For the entries below, print exactly the lines between the line holding "كنيور قرين شيك" and the line holding "Veterinarian Doctor Labrador", inclusive, and nothing else.

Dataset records
────────────────

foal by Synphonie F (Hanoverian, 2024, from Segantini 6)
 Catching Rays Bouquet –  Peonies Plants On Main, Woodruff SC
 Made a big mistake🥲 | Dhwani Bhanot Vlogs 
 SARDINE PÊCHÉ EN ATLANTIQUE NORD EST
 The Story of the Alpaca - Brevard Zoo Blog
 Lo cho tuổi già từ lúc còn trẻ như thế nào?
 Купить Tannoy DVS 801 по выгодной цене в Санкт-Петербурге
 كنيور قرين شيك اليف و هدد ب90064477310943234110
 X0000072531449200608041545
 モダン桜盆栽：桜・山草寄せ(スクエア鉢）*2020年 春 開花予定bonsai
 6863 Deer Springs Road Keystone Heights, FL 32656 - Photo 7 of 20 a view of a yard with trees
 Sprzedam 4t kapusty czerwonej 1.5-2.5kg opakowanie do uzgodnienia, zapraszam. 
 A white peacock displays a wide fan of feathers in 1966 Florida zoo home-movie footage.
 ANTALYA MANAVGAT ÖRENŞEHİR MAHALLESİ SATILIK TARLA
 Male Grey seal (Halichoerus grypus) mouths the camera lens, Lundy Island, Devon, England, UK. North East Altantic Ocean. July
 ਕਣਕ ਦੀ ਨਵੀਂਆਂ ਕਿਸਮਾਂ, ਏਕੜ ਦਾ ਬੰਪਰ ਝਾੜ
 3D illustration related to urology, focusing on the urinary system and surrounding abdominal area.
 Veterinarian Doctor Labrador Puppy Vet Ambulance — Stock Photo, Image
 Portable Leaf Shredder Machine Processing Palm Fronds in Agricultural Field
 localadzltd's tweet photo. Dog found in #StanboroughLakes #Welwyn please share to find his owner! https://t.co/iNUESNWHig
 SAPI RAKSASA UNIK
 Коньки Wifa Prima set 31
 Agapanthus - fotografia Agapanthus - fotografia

────────────────

**Solution to this exercise:**
 كنيور قرين شيك اليف و هدد ب90064477310943234110
 X0000072531449200608041545
 モダン桜盆栽：桜・山草寄せ(スクエア鉢）*2020年 春 開花予定bonsai
 6863 Deer Springs Road Keystone Heights, FL 32656 - Photo 7 of 20 a view of a yard with trees
 Sprzedam 4t kapusty czerwonej 1.5-2.5kg opakowanie do uzgodnienia, zapraszam. 
 A white peacock displays a wide fan of feathers in 1966 Florida zoo home-movie footage.
 ANTALYA MANAVGAT ÖRENŞEHİR MAHALLESİ SATILIK TARLA
 Male Grey seal (Halichoerus grypus) mouths the camera lens, Lundy Island, Devon, England, UK. North East Altantic Ocean. July
 ਕਣਕ ਦੀ ਨਵੀਂਆਂ ਕਿਸਮਾਂ, ਏਕੜ ਦਾ ਬੰਪਰ ਝਾੜ
 3D illustration related to urology, focusing on the urinary system and surrounding abdominal area.
 Veterinarian Doctor Labrador Puppy Vet Ambulance — Stock Photo, Image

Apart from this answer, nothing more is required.